Goal of the exercise: Write out exactly the lines from the first line of the records below through the line that contains "[USED] BIGBANG Member Cushion", and stop there.

Data to process:
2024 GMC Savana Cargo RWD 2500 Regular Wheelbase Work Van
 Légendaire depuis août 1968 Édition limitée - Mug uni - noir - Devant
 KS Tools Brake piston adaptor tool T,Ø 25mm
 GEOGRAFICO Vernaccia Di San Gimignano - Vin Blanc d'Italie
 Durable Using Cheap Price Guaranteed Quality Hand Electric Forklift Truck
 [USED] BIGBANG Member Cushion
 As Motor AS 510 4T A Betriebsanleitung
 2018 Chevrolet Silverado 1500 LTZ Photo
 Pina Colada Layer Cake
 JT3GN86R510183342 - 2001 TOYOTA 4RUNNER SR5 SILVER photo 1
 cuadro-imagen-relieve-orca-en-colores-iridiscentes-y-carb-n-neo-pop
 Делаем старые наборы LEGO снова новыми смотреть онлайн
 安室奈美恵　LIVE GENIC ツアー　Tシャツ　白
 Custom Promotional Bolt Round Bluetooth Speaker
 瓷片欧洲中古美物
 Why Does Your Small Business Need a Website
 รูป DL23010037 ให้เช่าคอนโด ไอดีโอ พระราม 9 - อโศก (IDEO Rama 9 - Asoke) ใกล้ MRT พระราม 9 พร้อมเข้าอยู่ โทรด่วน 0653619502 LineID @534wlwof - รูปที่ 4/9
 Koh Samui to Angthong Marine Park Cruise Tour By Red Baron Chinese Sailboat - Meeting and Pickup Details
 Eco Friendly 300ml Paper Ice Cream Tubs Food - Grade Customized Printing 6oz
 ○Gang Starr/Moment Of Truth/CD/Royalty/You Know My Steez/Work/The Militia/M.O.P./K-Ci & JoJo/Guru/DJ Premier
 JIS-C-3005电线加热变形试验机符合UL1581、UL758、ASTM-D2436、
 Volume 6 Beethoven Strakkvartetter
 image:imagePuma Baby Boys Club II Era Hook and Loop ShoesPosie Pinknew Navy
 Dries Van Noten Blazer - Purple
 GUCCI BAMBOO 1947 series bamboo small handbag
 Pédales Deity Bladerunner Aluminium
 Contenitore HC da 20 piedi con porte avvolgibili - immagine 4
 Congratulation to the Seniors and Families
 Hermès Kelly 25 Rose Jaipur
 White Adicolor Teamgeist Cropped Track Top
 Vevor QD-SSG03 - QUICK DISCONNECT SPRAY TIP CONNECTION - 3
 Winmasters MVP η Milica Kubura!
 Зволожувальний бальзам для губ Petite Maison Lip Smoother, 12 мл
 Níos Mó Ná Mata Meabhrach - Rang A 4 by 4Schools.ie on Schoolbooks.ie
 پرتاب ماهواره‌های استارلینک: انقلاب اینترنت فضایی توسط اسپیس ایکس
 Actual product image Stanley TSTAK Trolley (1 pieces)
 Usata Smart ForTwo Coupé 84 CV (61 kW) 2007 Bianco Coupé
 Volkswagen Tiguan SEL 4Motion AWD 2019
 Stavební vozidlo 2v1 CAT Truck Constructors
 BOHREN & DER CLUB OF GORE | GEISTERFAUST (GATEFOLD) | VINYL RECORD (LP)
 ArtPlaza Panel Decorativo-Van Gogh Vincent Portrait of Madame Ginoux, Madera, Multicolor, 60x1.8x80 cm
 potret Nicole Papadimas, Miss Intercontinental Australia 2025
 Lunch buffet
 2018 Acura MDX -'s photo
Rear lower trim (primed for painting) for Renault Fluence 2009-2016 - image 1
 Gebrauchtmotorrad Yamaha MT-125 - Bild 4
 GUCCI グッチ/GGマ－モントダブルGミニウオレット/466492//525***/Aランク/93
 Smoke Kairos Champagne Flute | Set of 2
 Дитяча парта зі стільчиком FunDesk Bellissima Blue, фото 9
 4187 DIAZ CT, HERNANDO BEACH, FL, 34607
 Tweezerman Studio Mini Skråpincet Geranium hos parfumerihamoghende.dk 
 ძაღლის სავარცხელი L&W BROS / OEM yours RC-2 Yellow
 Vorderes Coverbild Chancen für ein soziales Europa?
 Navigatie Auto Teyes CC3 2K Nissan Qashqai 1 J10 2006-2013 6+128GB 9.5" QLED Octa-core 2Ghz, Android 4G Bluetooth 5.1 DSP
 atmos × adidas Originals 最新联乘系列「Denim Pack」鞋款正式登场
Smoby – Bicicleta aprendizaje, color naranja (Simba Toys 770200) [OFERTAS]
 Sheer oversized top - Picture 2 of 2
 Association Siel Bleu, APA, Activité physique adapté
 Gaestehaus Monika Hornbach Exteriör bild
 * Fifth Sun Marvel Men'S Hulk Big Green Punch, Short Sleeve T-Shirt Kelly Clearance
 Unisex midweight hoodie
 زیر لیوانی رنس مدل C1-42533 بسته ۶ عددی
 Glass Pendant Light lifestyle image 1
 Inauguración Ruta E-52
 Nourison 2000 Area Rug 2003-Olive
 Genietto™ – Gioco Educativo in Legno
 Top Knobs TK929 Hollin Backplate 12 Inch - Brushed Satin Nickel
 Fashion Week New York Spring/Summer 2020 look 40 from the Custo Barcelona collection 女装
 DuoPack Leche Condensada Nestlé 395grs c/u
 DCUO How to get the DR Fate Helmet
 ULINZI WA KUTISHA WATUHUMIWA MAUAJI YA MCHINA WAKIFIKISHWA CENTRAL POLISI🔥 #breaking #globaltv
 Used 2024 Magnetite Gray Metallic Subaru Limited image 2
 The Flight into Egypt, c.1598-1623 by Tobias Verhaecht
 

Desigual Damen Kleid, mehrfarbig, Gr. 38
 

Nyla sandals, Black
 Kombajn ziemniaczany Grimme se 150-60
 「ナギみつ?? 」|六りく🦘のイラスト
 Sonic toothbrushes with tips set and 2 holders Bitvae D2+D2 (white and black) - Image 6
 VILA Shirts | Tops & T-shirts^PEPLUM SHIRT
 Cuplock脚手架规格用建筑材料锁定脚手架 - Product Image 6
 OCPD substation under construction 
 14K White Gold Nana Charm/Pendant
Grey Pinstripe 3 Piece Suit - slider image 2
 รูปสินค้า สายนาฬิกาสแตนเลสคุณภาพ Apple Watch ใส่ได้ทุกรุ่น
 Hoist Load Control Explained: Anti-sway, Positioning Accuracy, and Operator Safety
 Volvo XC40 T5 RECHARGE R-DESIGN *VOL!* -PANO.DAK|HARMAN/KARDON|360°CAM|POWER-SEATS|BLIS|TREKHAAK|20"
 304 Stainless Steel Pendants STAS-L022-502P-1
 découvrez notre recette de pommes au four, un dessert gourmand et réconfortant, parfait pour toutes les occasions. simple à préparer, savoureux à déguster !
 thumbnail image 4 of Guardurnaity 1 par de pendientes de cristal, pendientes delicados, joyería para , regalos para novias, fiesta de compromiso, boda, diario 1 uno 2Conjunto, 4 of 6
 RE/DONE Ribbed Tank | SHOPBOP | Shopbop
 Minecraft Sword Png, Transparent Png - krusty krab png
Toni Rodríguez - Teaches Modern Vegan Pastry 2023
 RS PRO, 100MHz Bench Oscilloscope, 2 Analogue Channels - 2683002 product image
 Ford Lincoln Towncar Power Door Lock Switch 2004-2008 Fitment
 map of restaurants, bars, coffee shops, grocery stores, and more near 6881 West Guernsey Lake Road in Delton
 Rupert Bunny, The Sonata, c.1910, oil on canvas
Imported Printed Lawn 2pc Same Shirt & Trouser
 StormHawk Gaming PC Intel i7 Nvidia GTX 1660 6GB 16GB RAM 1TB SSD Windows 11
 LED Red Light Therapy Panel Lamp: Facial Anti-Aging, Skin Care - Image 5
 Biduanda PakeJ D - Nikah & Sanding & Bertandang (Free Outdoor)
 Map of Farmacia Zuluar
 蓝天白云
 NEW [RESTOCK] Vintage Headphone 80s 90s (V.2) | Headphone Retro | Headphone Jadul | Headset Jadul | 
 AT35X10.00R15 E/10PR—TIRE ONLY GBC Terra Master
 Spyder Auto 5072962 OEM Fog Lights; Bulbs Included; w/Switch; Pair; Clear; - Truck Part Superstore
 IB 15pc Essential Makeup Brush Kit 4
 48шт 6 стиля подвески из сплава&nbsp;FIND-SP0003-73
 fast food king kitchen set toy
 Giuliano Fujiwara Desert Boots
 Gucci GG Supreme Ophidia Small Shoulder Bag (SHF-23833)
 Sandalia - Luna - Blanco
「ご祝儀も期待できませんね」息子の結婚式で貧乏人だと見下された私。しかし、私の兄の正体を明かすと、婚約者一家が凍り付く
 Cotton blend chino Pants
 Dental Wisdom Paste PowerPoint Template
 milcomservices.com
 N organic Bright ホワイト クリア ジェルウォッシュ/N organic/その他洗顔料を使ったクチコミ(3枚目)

Answer section:
2024 GMC Savana Cargo RWD 2500 Regular Wheelbase Work Van
 Légendaire depuis août 1968 Édition limitée - Mug uni - noir - Devant
 KS Tools Brake piston adaptor tool T,Ø 25mm
 GEOGRAFICO Vernaccia Di San Gimignano - Vin Blanc d'Italie
 Durable Using Cheap Price Guaranteed Quality Hand Electric Forklift Truck
 [USED] BIGBANG Member Cushion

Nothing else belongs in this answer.